I tried running Kinopiko's example, except I increased the number of iterations by a factor of 100.
test.c:
#include <stdio.h>
int main ()
{
int i;
for (i = 0; i < 1000000; i++) {
printf ("%d\n", i);
}
return 0;
}
Then I took 10 stackshots (under VC, but you can use pstack). Here are the stackshots:
9 copies of this stack:
NTDLL! 7c90e514()
KERNEL32! 7c81cbfe()
KERNEL32! 7c81cc75()
KERNEL32! 7c81cc89()
_write() line 168 + 57 bytes
_flush() line 162 + 23 bytes
_ftbuf() line 171 + 9 bytes
printf() line 62 + 14 bytes
main() line 7 + 14 bytes
mainCRTStartup() line 206 + 25 bytes
KERNEL32! 7c817077()
1 copy of this stack:
KERNEL32! 7c81cb96()
KERNEL32! 7c81cc75()
KERNEL32! 7c81cc89()
_write() line 168 + 57 bytes
_flush() line 162 + 23 bytes
_ftbuf() line 171 + 9 bytes
printf() line 62 + 14 bytes
main() line 7 + 14 bytes
mainCRTStartup() line 206 + 25 bytes
KERNEL32! 7c817077()
In case it isn't obvious, this tells you that:
mainCRTStartup() line 206 + 25 bytes Cost ~100% of the time
main() line 7 + 14 bytes Cost ~100% of the time
printf() line 62 + 14 bytes Cost ~100% of the time
_ftbuf() line 171 + 9 bytes Cost ~100% of the time
_flush() line 162 + 23 bytes Cost ~100% of the time
_write() line 168 + 57 bytes Cost ~100% of the time
In a nutshell, the program spends ~100% of it's time flushing to disk (or console) the output buffer as part of the printf on line 7.

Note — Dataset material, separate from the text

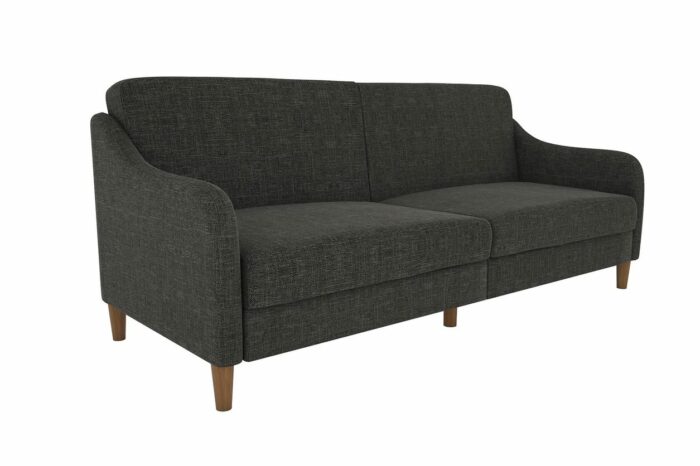 Dorel Jasper Coil Sprung Sofa Bed in Dark Grey Linen Fabric-0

(What I mean by "Cost of a line" is - it is the fraction of total time spent at the request of that line, and that's roughly the fraction of samples that contain it.
If that line could be made to take no time, such as by removing it, skipping over it, or passing its work off to an infinitely fast coprocessor, that time fraction is how much the total time would shrink. So if the execution of any of these lines of code could be avoided, time would shrink by somewhere in the range of 95% to 100%. If you were to ask "What about recursion?", the answer is It Makes No Difference.)

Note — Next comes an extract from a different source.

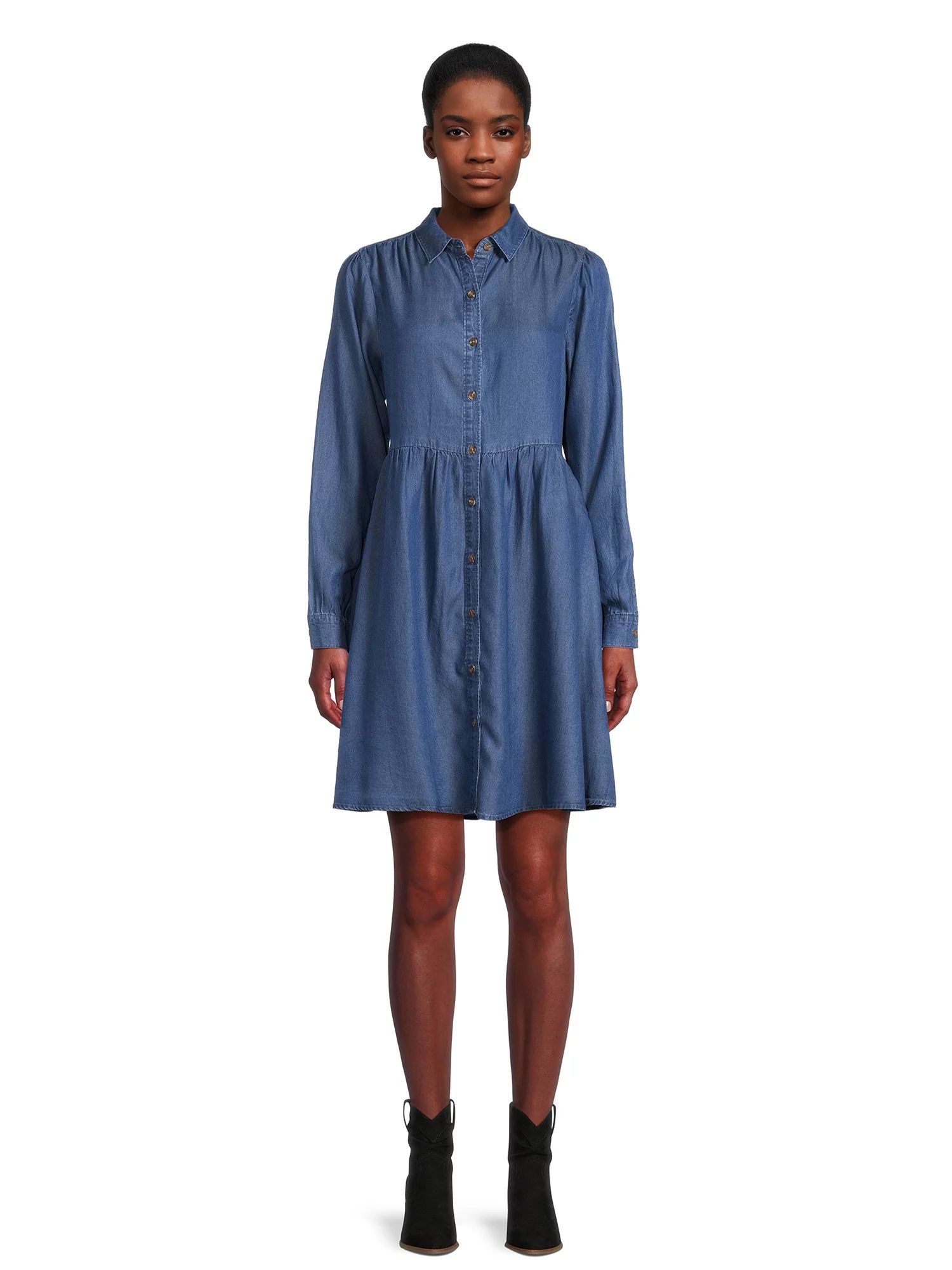 Time and Tru Women's Button Down Shirt Dress, Sizes XS-XXXL | Walmart (US)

Now, maybe you want to know something else, like how much time is spent in the loop, for example. To find that out, remove the printf because it's hogging all the time. Maybe you want to know what % of time is spent purely in CPU time, not in system calls. To get that, just throw away any stackshots that don't end in your code.
The point I'm trying to make is if you're looking for things you can fix to make the code run faster, the data gprof gives you, even if you understand it, is almost useless. By comparison, if there is some of your code that is causing more wall-clock time to be spent than you would like, stackshots will pinpoint it.